What is being asked: Every entry below must be reproduced exactly.

Information supplied:
◇ ◇ ◇ ◇ ◇
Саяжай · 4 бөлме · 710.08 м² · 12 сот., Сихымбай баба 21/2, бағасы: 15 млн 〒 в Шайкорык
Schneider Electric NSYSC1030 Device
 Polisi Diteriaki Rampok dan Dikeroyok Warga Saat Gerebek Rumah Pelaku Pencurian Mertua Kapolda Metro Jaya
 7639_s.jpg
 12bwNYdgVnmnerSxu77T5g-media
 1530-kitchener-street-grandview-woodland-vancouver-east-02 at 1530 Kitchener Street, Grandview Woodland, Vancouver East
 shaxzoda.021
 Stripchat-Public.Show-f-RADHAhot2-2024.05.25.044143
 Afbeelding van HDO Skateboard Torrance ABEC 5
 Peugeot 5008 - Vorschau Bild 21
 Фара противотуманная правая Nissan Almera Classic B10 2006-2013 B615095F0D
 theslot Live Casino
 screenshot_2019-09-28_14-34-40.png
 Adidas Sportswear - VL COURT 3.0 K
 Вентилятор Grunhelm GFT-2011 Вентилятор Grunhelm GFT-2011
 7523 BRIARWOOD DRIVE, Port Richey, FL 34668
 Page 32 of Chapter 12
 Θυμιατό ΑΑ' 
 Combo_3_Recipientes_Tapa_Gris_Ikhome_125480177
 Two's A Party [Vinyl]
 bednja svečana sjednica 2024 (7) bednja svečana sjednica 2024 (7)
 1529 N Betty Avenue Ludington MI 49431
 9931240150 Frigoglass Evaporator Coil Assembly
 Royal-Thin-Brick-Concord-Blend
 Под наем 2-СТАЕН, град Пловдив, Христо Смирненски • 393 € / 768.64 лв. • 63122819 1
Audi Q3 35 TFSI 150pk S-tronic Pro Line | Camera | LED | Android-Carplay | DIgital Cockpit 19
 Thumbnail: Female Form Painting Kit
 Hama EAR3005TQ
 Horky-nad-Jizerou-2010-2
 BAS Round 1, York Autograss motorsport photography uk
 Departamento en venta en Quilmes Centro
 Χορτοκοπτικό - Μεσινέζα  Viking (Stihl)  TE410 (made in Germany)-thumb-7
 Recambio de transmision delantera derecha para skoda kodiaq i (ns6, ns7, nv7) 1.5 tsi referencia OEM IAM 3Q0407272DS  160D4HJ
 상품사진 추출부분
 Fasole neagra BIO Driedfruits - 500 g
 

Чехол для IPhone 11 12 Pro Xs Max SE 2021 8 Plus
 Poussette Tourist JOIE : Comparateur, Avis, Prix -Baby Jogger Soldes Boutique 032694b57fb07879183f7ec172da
◇ ◇ ◇ ◇ ◇
Answer box:
Саяжай · 4 бөлме · 710.08 м² · 12 сот., Сихымбай баба 21/2, бағасы: 15 млн 〒 в Шайкорык
Schneider Electric NSYSC1030 Device
 Polisi Diteriaki Rampok dan Dikeroyok Warga Saat Gerebek Rumah Pelaku Pencurian Mertua Kapolda Metro Jaya
 7639_s.jpg
 12bwNYdgVnmnerSxu77T5g-media
 1530-kitchener-street-grandview-woodland-vancouver-east-02 at 1530 Kitchener Street, Grandview Woodland, Vancouver East
 shaxzoda.021
 Stripchat-Public.Show-f-RADHAhot2-2024.05.25.044143
 Afbeelding van HDO Skateboard Torrance ABEC 5
 Peugeot 5008 - Vorschau Bild 21
 Фара противотуманная правая Nissan Almera Classic B10 2006-2013 B615095F0D
 theslot Live Casino
 screenshot_2019-09-28_14-34-40.png
 Adidas Sportswear - VL COURT 3.0 K
 Вентилятор Grunhelm GFT-2011 Вентилятор Grunhelm GFT-2011
 7523 BRIARWOOD DRIVE, Port Richey, FL 34668
 Page 32 of Chapter 12
 Θυμιατό ΑΑ' 
 Combo_3_Recipientes_Tapa_Gris_Ikhome_125480177
 Two's A Party [Vinyl]
 bednja svečana sjednica 2024 (7) bednja svečana sjednica 2024 (7)
 1529 N Betty Avenue Ludington MI 49431
 9931240150 Frigoglass Evaporator Coil Assembly
 Royal-Thin-Brick-Concord-Blend
 Под наем 2-СТАЕН, град Пловдив, Христо Смирненски • 393 € / 768.64 лв. • 63122819 1
Audi Q3 35 TFSI 150pk S-tronic Pro Line | Camera | LED | Android-Carplay | DIgital Cockpit 19
 Thumbnail: Female Form Painting Kit
 Hama EAR3005TQ
 Horky-nad-Jizerou-2010-2
 BAS Round 1, York Autograss motorsport photography uk
 Departamento en venta en Quilmes Centro
 Χορτοκοπτικό - Μεσινέζα  Viking (Stihl)  TE410 (made in Germany)-thumb-7
 Recambio de transmision delantera derecha para skoda kodiaq i (ns6, ns7, nv7) 1.5 tsi referencia OEM IAM 3Q0407272DS  160D4HJ
 상품사진 추출부분
 Fasole neagra BIO Driedfruits - 500 g
 

Чехол для IPhone 11 12 Pro Xs Max SE 2021 8 Plus
 Poussette Tourist JOIE : Comparateur, Avis, Prix -Baby Jogger Soldes Boutique 032694b57fb07879183f7ec172da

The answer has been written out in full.